Debugging Away From Failure
Or How To Avoid Unrecoverable Loss
Department of Curriculum and Instruction
University of Minnesota
EPSY 5124 – Debugging Failure
Dr. David DeLiema
December 22, 2021
Failure means many things to many people. From a low grade on a math test in elementary school to a space shuttle explosion, the word has different meanings and consequences for all of the individuals and groups involved. How can a single event be placed at so many different places on the continuum from success to failure by so many different people? This paper discusses the idea that what is seen as a single failure event is actually a timeline of faults and errors, which lead up to a point at which there is a feeling of an unrecoverable loss of opportunity. Each participant and observer views this timeline through their own multiple lenses of expectations. It is possible, however, to avoid the feeling of unrecoverable loss by allowing space for “debugging” between error and failure.
Introduction – What is failure?
The word failure means many different things in many different contexts and is notoriously hard to define (Clifford, 1984; Feltham, 2014; D. DeLiema, personal communication, Sep. 22, 2021). Even with a single well-known and well-documented event that is universally described as a failure, such as the burning of the Notre Dame Cathedral, it is impossible to pinpoint exactly one ultimate failure. Instead it exists as a timeline of errors (Peltier et al, 2019), and even with a hypothetically perfectly-accurate record of all related events, every person would come up with their own version of what the point of failure actually is. One person might say that the failure occurred when fire expanded out of control; one might say when the fire suppression system did not work; one might say when the security officers did not call the fire department in time; one might simply say “when the cathedral burned”. How is it possible that such a unique and well-documented event has such a wide discrepancy in its main descriptor as failure?
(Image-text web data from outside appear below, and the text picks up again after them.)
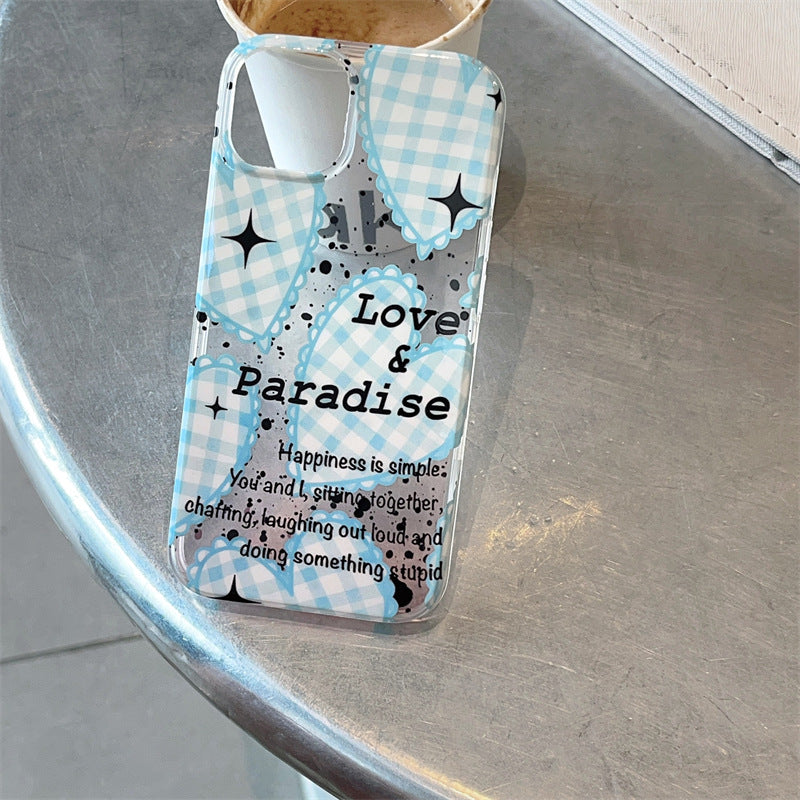 Love & Paradise Plaid Case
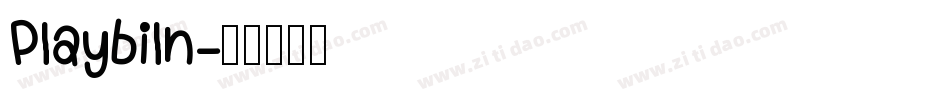 Playbiln字体转换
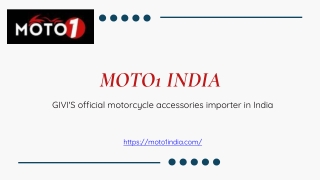 MOTO1INDIA PPT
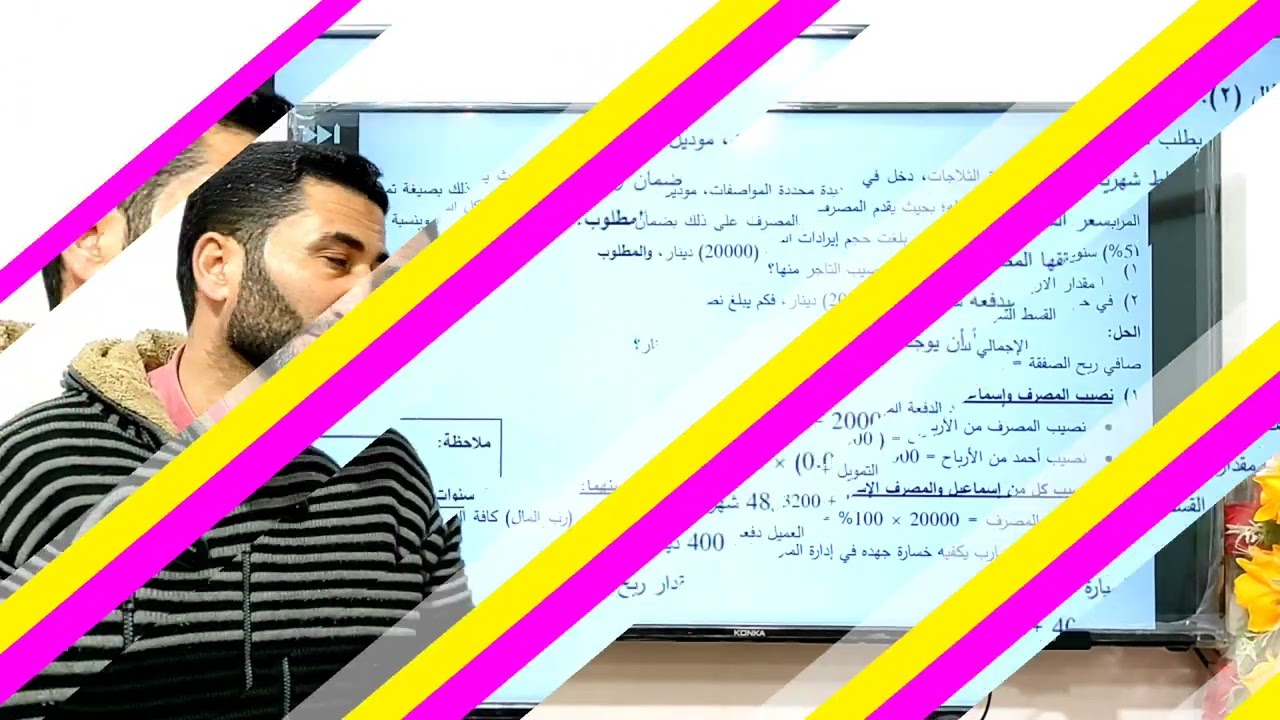 استخدامات المال في المصرف الإسلامي وعلاقته بالبنك المركزي - مادة الإدارة والاقتصاد - أ.حسان فرج الله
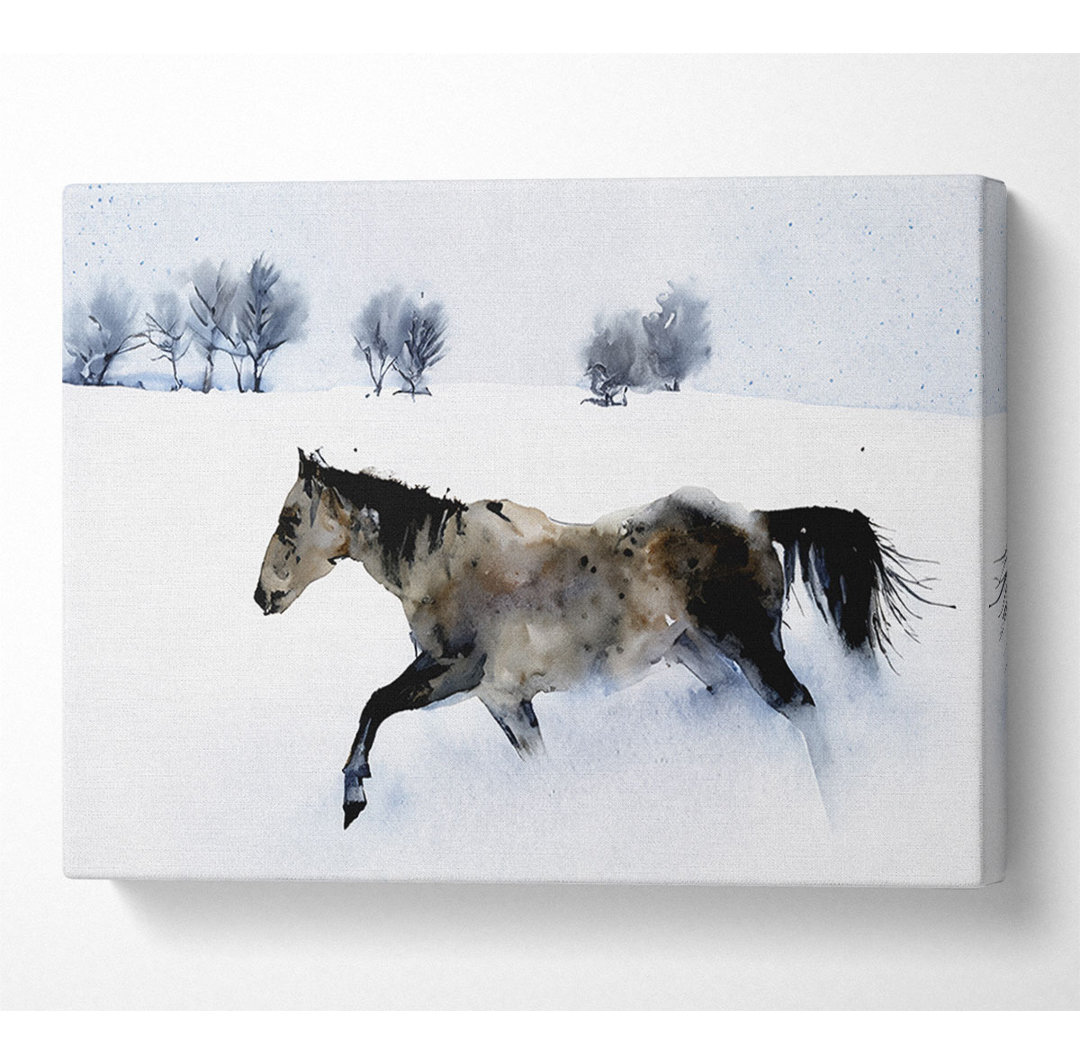 Stallion In The Snow - Druck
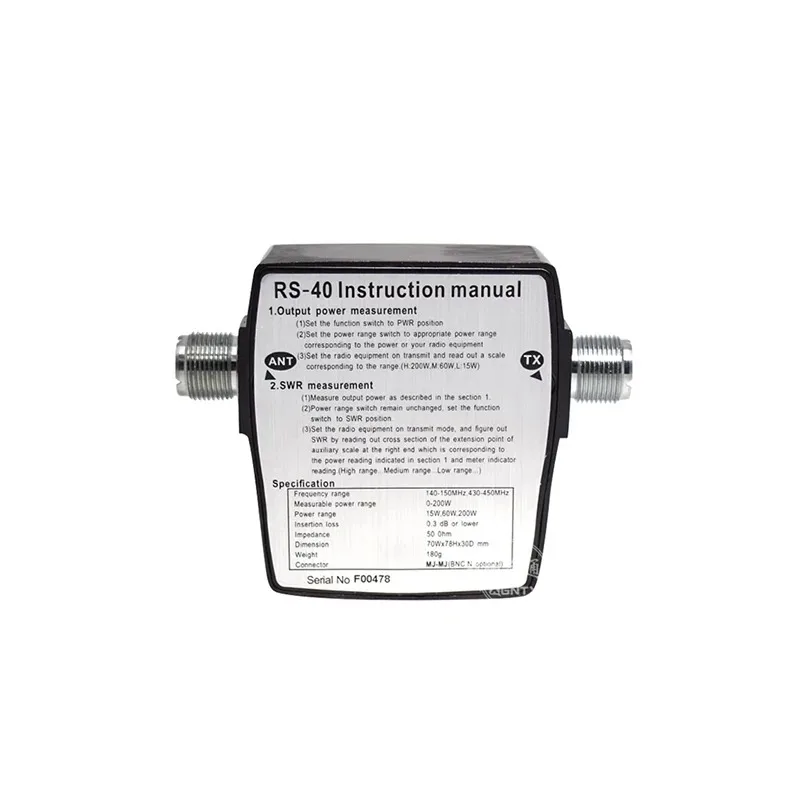 Устройство для измерения мощности NISSEI, два диапазона, УКВ, УВЧ, 144/430 МГц, 50 Вт, 200 Вт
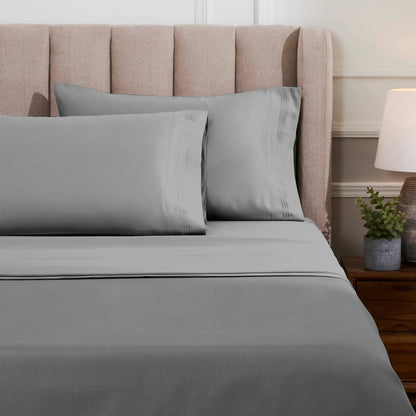Egyptian Cotton 1500 Thread Count Solid 2 Piece Pillowcase Set - Blue Nile Mills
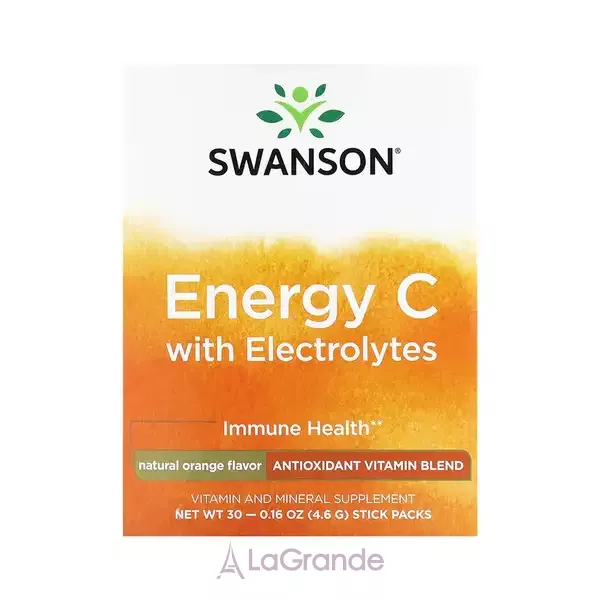 Swanson Energy C with Electrolytes Orange Flavor ����������� ������� 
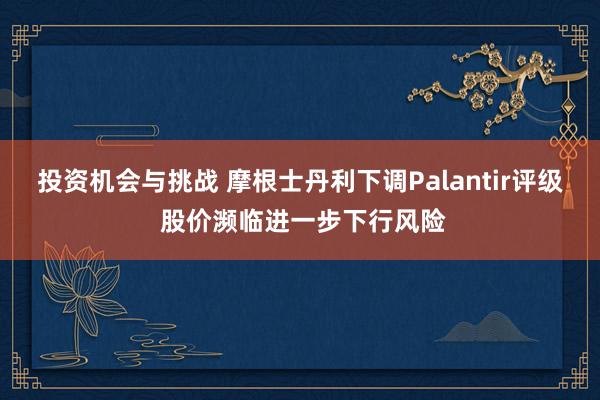 投资机会与挑战 摩根士丹利下调Palantir评级 股价濒临进一步下行风险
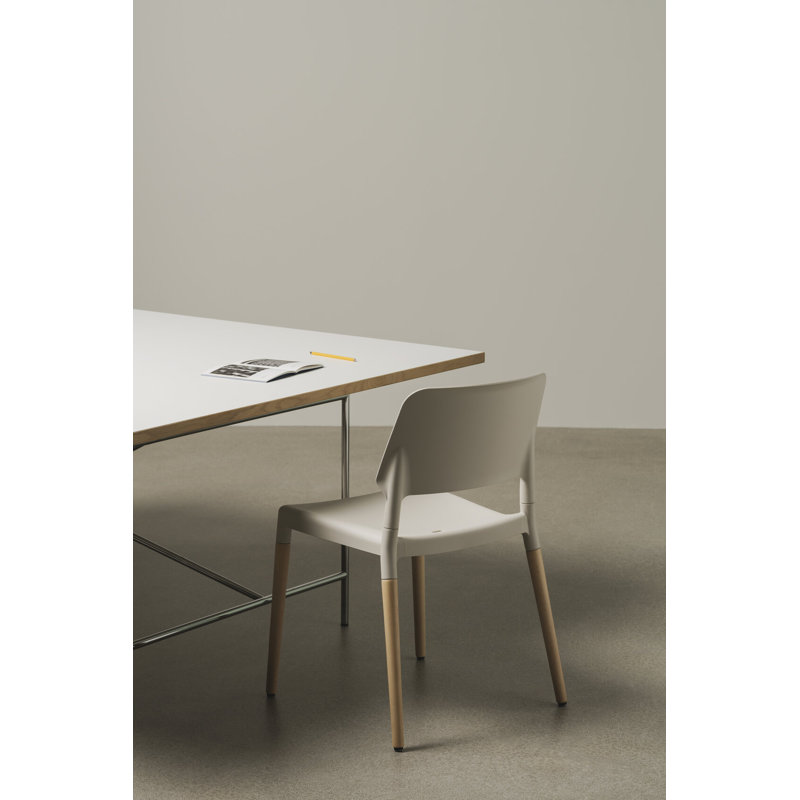 Belloch Chair, White, Natural Beech Wood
The simple reason is that failure is not an event, but a feeling. Despite millions of people viewing the burning of Notre Dame as a failure, their own unique knowledge, experience, and culture will define what that means for them. A child who has only seen the cathedral in cartoons will have a much different view than an elderly Parisian who has attended service every day for decades. Despite this huge variance, there is still a common thread in all of these very personal interpretations. The first part of the common thread is paradoxically that failure is a uniquely personal experience. The second part of the common thread is that there is a feeling of loss. And finally, what fully defines the feeling of failure is that the loss is unrecoverable. Whether it is a failed exam, a missed penalty shot, or a burned cathedral, the feeling of failure necessarily includes the feeling that the result can not be changed.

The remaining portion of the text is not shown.